La presse féminine se refait une beauté

Affaire Harvey Weinstein, vague planétaire #metoo, mouvement inédit des femmes journalistes dans plusieurs rédactions françaises, le néoféminisme marque le débat public et la scène médiatique depuis quelques mois. Le nouveau Glamour promet de « l’authenticité », du « sens » plutôt que du « consumérisme ».

« La presse féminine s’est éloignée de l’engagement. Seul Causette a eu une vraie ligne éditoriale engagée. Elle et Marie-Claire ont su préserver une dimension d’engagement, mais ces titres, crédibles sur ces questions, sont plus des miroirs de la société que des phares », considère Vincent Soulier.

Les titres de la presse féminine qui appartiennent à des grands groupes comme Mondadori ou Conde Nast cherchent « une dimension d’influence sociétale et d’engagement et l’équilibre économique ». A la différence de Causette, magazine militant, qui vit (placé en redressement judiciaire en 2015, puis en liquidation judiciaire en janvier 2018, sa reprise par le groupe Hildegarde sera définitivement validée ce jeudi) grâce à ses lecteurs et pas à ses annonceurs.

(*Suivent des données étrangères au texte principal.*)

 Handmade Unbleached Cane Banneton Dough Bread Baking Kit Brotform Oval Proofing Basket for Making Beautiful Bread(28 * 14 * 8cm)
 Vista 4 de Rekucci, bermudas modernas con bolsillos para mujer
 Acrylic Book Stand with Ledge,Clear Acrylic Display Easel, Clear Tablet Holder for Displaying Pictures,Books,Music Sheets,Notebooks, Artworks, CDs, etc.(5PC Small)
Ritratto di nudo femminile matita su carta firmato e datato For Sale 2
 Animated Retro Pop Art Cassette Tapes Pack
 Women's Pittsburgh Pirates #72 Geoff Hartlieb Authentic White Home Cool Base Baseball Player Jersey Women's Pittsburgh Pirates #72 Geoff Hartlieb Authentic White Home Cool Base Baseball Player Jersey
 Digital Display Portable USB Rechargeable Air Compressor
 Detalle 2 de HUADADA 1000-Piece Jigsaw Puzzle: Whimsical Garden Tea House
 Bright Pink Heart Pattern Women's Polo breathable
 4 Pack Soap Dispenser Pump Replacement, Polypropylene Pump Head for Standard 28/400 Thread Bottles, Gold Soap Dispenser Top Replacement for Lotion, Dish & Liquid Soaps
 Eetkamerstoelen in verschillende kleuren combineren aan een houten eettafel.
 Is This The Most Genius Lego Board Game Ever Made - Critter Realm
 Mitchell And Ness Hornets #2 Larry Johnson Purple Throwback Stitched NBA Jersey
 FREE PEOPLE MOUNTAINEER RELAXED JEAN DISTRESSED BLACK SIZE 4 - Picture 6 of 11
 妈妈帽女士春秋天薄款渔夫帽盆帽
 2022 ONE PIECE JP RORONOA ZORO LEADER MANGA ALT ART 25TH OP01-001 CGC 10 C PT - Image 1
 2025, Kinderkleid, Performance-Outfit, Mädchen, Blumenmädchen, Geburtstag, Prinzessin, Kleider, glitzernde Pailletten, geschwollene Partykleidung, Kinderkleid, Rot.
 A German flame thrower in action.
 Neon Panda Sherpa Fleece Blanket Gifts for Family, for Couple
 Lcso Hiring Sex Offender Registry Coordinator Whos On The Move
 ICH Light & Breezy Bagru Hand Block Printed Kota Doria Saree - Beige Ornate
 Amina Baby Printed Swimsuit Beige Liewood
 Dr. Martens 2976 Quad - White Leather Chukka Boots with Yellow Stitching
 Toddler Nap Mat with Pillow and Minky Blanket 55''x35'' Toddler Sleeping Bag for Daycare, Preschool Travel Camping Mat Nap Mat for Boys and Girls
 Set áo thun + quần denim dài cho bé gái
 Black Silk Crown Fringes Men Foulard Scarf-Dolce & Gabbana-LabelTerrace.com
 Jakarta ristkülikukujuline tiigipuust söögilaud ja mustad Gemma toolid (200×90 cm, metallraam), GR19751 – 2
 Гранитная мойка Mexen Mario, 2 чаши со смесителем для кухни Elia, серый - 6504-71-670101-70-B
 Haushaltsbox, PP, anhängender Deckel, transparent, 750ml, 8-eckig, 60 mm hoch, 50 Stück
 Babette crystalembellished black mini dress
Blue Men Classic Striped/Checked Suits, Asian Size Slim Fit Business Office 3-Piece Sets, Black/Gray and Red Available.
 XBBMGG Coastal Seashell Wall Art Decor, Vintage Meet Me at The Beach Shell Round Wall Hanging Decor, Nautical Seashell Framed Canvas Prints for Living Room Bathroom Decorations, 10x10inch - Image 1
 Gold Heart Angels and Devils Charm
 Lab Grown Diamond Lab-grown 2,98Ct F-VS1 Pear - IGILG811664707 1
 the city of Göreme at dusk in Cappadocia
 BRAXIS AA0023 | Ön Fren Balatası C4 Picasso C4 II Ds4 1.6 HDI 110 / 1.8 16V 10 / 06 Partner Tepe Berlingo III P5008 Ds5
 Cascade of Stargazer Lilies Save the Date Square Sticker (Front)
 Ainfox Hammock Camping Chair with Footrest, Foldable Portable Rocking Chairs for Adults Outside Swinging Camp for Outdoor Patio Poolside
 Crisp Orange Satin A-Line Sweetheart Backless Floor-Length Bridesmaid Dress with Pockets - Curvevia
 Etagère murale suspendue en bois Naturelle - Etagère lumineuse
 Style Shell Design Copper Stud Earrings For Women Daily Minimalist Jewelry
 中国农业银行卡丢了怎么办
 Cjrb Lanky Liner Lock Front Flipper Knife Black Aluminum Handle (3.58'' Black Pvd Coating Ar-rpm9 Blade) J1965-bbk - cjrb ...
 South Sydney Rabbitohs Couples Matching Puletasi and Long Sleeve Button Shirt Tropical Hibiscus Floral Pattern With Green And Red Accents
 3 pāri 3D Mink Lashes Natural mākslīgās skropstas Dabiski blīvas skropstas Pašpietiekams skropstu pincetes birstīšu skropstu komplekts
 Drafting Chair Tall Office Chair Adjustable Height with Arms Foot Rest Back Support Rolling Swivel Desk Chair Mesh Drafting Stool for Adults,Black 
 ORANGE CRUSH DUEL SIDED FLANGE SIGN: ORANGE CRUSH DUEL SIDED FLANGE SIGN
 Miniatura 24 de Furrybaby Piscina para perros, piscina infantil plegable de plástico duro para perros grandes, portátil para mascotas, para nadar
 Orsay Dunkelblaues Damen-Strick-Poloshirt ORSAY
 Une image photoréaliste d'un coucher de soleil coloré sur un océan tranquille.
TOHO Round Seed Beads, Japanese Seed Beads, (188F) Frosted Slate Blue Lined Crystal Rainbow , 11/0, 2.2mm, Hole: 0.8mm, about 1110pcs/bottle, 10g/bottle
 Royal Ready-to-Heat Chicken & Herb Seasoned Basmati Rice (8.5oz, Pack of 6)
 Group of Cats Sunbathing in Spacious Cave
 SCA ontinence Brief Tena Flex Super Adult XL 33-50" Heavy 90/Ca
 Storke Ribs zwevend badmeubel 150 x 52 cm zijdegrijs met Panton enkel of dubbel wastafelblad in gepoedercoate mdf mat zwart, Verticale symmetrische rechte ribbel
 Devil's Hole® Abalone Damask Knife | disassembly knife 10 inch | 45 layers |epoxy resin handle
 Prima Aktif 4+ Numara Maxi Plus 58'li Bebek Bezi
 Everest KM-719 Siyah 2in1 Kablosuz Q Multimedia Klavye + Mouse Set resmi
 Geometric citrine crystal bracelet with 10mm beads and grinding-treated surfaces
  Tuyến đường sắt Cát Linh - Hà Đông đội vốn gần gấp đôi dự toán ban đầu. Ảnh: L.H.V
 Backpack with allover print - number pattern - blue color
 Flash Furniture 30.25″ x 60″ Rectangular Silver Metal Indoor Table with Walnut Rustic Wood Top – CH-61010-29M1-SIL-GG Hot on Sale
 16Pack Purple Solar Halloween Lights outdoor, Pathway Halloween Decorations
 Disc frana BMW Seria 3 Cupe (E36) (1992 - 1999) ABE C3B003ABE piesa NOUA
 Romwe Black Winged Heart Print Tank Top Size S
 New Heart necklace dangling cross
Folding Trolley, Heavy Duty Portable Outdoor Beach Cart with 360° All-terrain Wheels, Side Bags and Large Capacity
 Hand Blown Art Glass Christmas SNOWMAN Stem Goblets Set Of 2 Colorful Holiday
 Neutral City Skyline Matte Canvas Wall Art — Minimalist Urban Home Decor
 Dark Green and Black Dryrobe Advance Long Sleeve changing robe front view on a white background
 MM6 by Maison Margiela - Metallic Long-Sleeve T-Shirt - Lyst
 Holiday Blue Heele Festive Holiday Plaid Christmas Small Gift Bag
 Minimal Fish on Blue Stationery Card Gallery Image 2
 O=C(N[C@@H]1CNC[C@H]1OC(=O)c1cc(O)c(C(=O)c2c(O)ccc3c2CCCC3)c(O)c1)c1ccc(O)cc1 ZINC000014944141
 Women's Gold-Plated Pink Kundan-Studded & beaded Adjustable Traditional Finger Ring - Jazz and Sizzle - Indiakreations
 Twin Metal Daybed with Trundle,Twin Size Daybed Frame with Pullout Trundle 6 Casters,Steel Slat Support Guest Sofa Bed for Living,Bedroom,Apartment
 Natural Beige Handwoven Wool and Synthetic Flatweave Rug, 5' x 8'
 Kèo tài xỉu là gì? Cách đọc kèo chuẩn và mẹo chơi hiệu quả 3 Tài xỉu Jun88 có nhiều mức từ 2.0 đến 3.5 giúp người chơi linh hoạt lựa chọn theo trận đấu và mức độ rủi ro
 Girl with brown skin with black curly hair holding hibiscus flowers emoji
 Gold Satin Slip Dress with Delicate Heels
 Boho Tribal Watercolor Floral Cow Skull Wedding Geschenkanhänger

Si les rédactions de la presse féminine sont pleines de « journalistes engagés prêts au renouveau, à se remettre du côté des femmes », ne vous attendez pas à voir en kiosque que des papiers « plus féminins du cerveau que du capiton ». « La presse féminine est et sera toujours ce joyeux charivari entre des articles frivoles et de véritables engagements, entre des sujets graves et légers », conclut le chercheur.